Copacabana is a 1985 American made-for-television musical film based on the 1978 song of the same title by Barry Manilow, and starred Manilow himself, in his acting debut, as Tony, an aspiring songwriter, and Annette O'Toole as Lola, an aspiring singer who falls in with the wrong crowd.

The film premiered on CBS on December 3, 1985. At the 38th Primetime Emmy Awards, the film was nominated for Outstanding Achievement in Choreography (Grover Dale) and Outstanding Directing in a Variety or Music Program (Hussein), and won for the latter.

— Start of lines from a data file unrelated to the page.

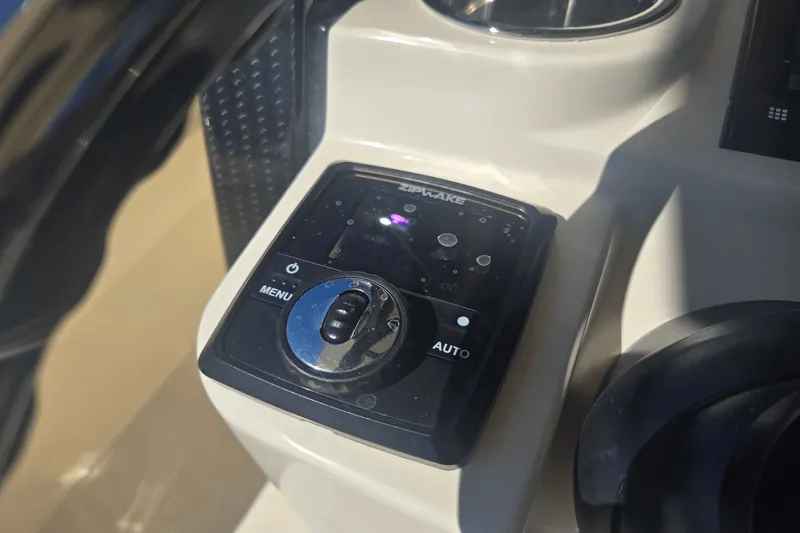 Slide: The Image of Scout 288 LXF 2026 - 24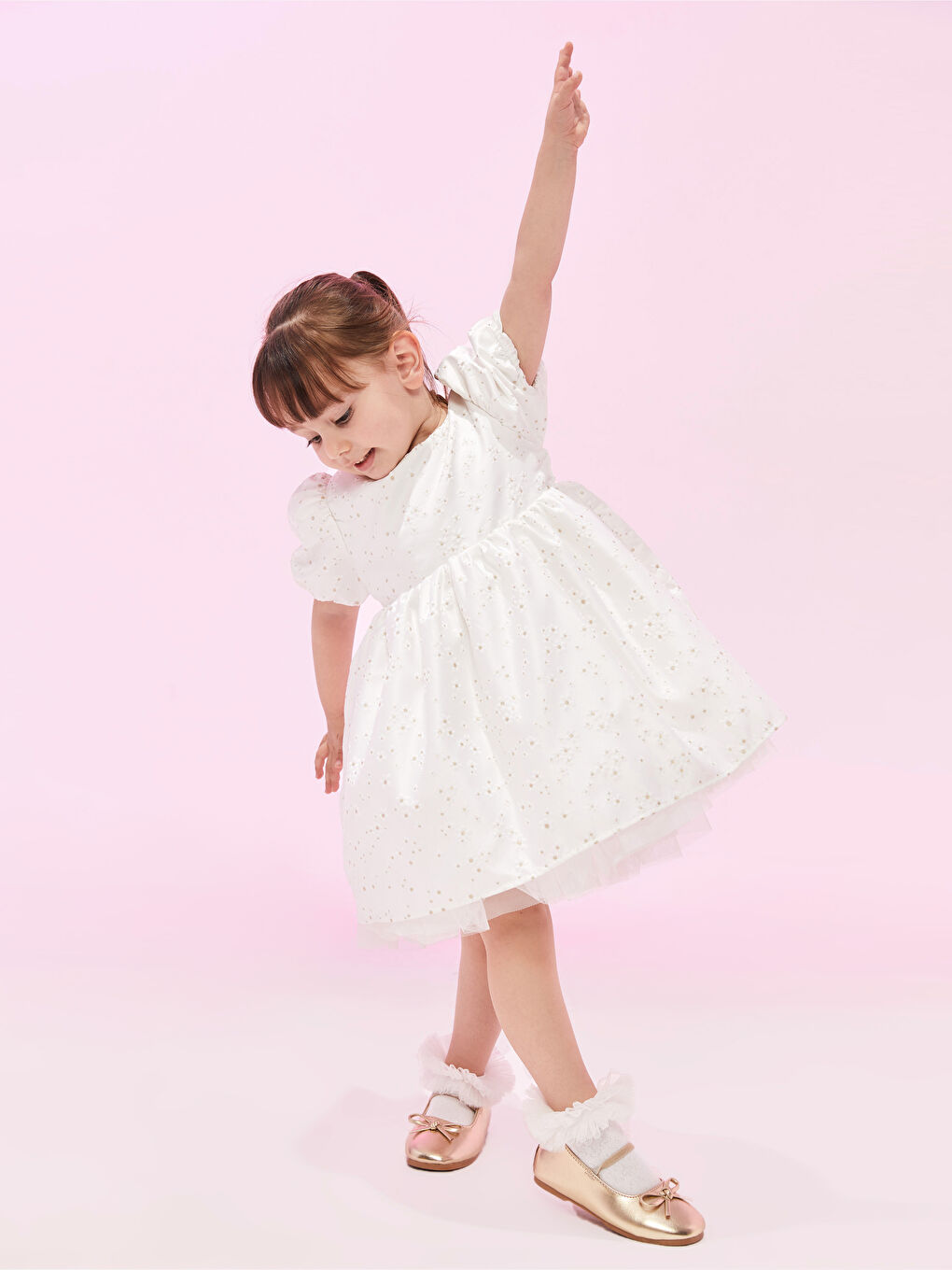 Ekru Bisiklet Yaka Kendinden Desenli Kız Bebek Elbise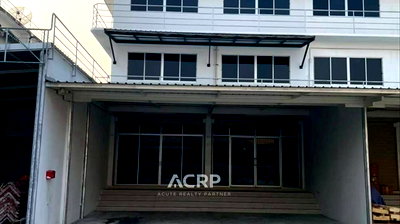 Shophouses for rent Bangkok : Commercial Building with Warehouse for Rent – Best Value Price!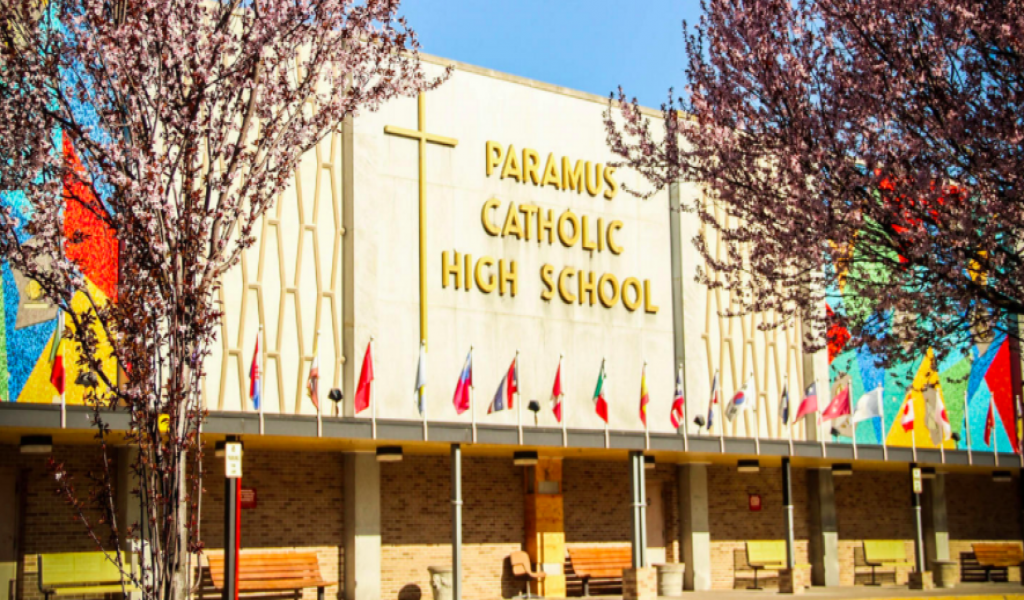 帕拉莫斯天主教高中 - Paramus Catholic High School | FindingSchool
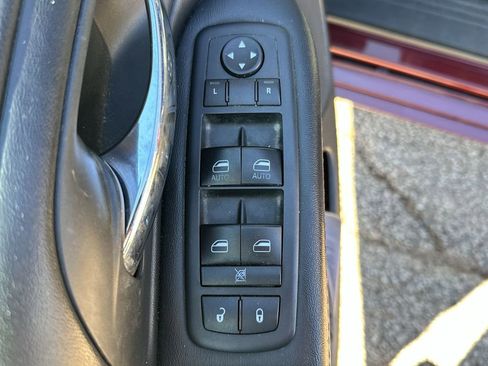 Used 2019 Dodge Grand Caravan GT image 12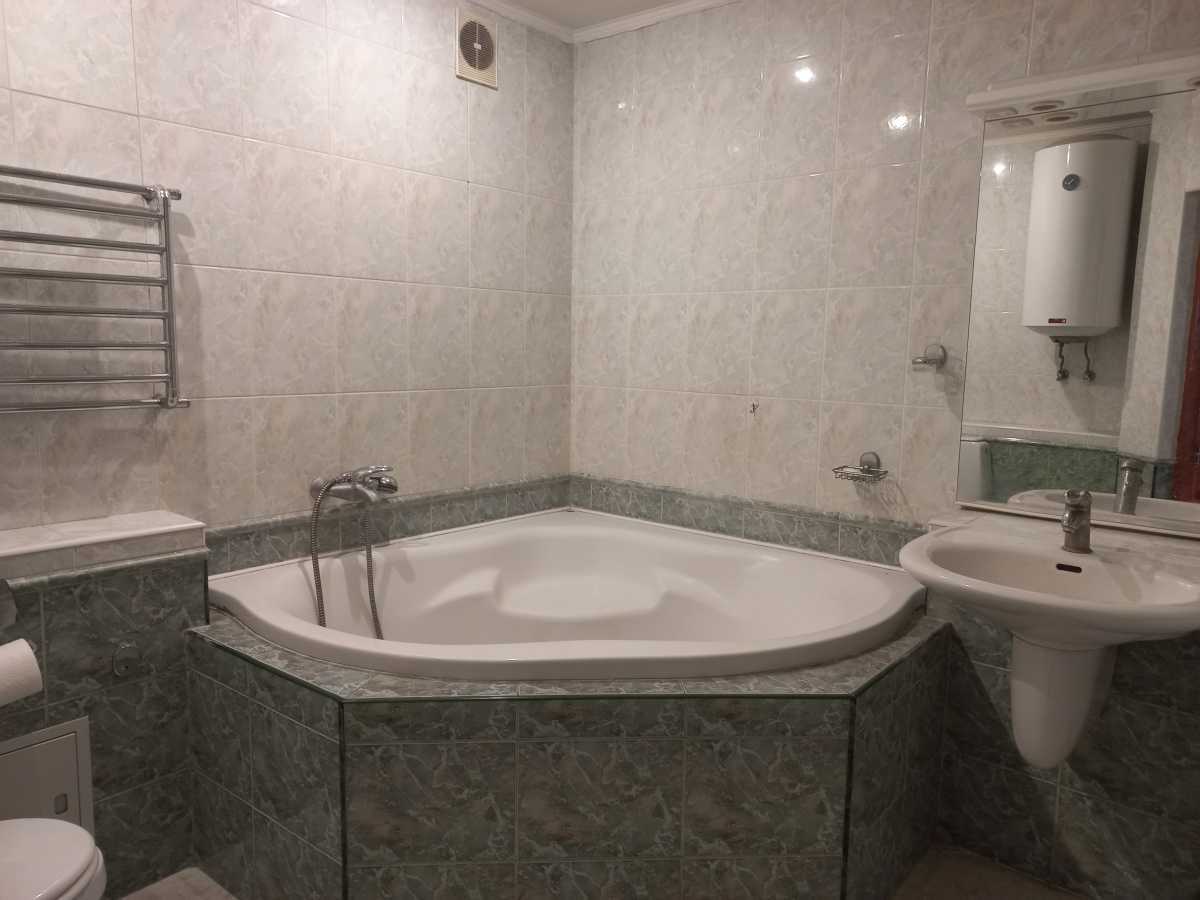 Продажа 2-комнатной квартиры 60 м², Анны Ахматовой ул., 3А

A soundtrack album, Copacabana: The Original Motion Picture Soundtrack Album, was released. The film also inspired a 1990 stage show at Caesars Atlantic City, as well as a 1994 musical of the same name.

Plot 
The film's story is told in flashbacks from 1978 to 1948, and back again. In 1978, a woman named Lola Lamar patronizes the Copacabana lounge in Manhattan, which in that year was being operated as a discotheque. There, outfitted in worn wardrobe that was new in the middle-to-late 1940s, when she had originally obtained it, she drinks rather heavily and remembers happier days thirty years ago, when she was far younger.

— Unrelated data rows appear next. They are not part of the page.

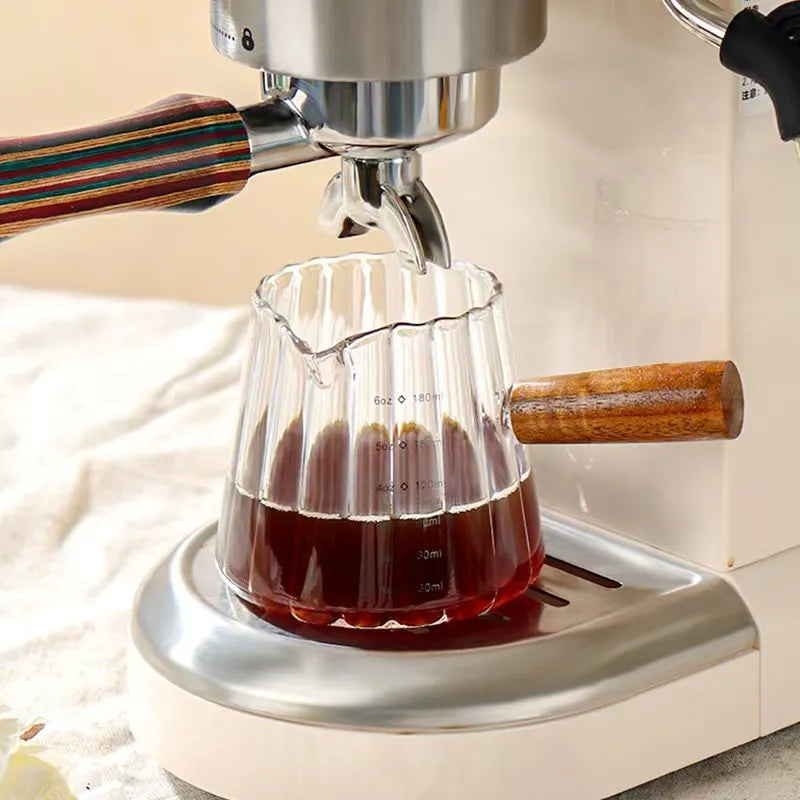 Mini Kaffeetasse aus Glas mit Holzgriff
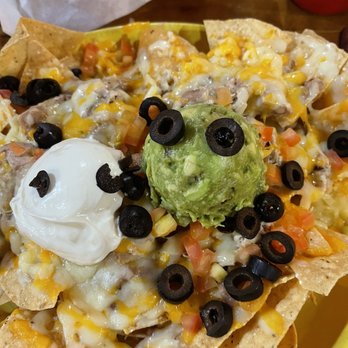Casa De Suenos - Nachos with Chicken - Mexican Near Me - Tularosa, New Mexico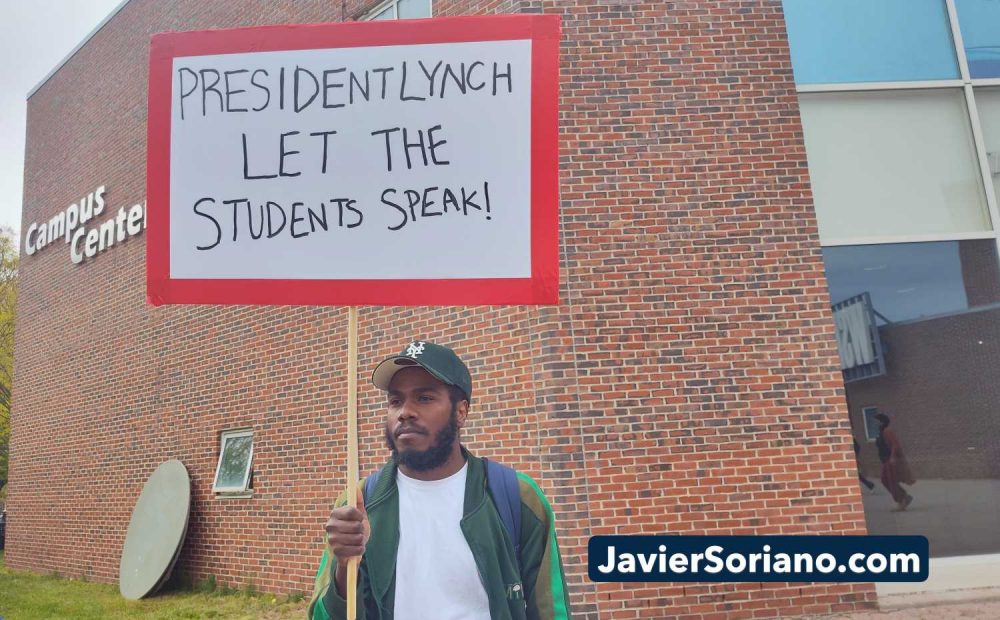 Lenapehoking (New York City) – On Tuesday, April 28, 2026, “Students for Justice in Palestine at the College of Staten Island” and the “Student-worker coalition at the College of Staten Island” held a rally and march to demand that the College of Staten Island president Timothy Lynch reinstate the valedictorian live address for commencement. Photo by Javier Soriano / www.JavierSoriano.com .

In 1948, wannabe singer Lola meets aspiring songwriter Tony Starr when both are contestants on a radio show. Tony is immediately smitten with Lola and assists her flailing attempts to break into show business. At Manhattan's Copacabana lounge, both start finding fame. However, fate steps in and Lola is swept to Havana to work in a splashy night club act where she is convinced she will find her stardom, while Tony finds his own career gaining speed at the Copa. But Lola's new mentor and boss, Rico Castelli, demands a heavy price for elevating Lola's career, resulting in conflict, drama and eventually Tony's accidental murder at Lola's hands, during a battle for the gun.

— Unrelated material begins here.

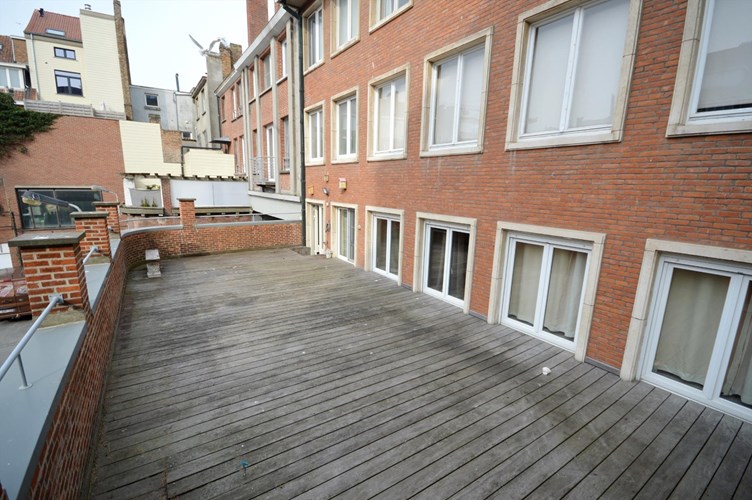 Appartement met 1 slaapkamer en ruim terras in het centrum van Oostende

The setting returns to 1978 after the depiction of Tony's accidental murder at Lola's hands. The now-aged Lola, thoroughly drunk, has a vision of a younger version of herself and Tony dancing on the dancefloor.

Cast
 Barry Manilow as Tony Starr 
 Annette O'Toole as Lola Lamar
 Estelle Getty as Bella Stern
 James T. Callahan as Dennis Riley
 Andra Akers as Pamela Devereaux
 Silvana Gallardo as Conchita Alverez
 Joseph Bologna as Rico Castelli
 Ernie Sabella as Sam Silver
 Cliff Osmond as Algelo
 Dwier Brown as Bibi Sutton
 Hamilton Camp as Nicky Richards
 Stanley Brock as 2nd Publisher
 Clarence Felder as Nick Panotis
 Artie Butler as Nightclub Piano Player

Production 
Dick Clark approached Manilow and cowriters Bruce Sussman and Jack Feldman, persuading them to develop a musical film around the song. Directed by Waris Hussein and written by James Lipton, the film features a handful of newly composed songs by Manilow.

Music 

The soundtrack album was released by RCA Records.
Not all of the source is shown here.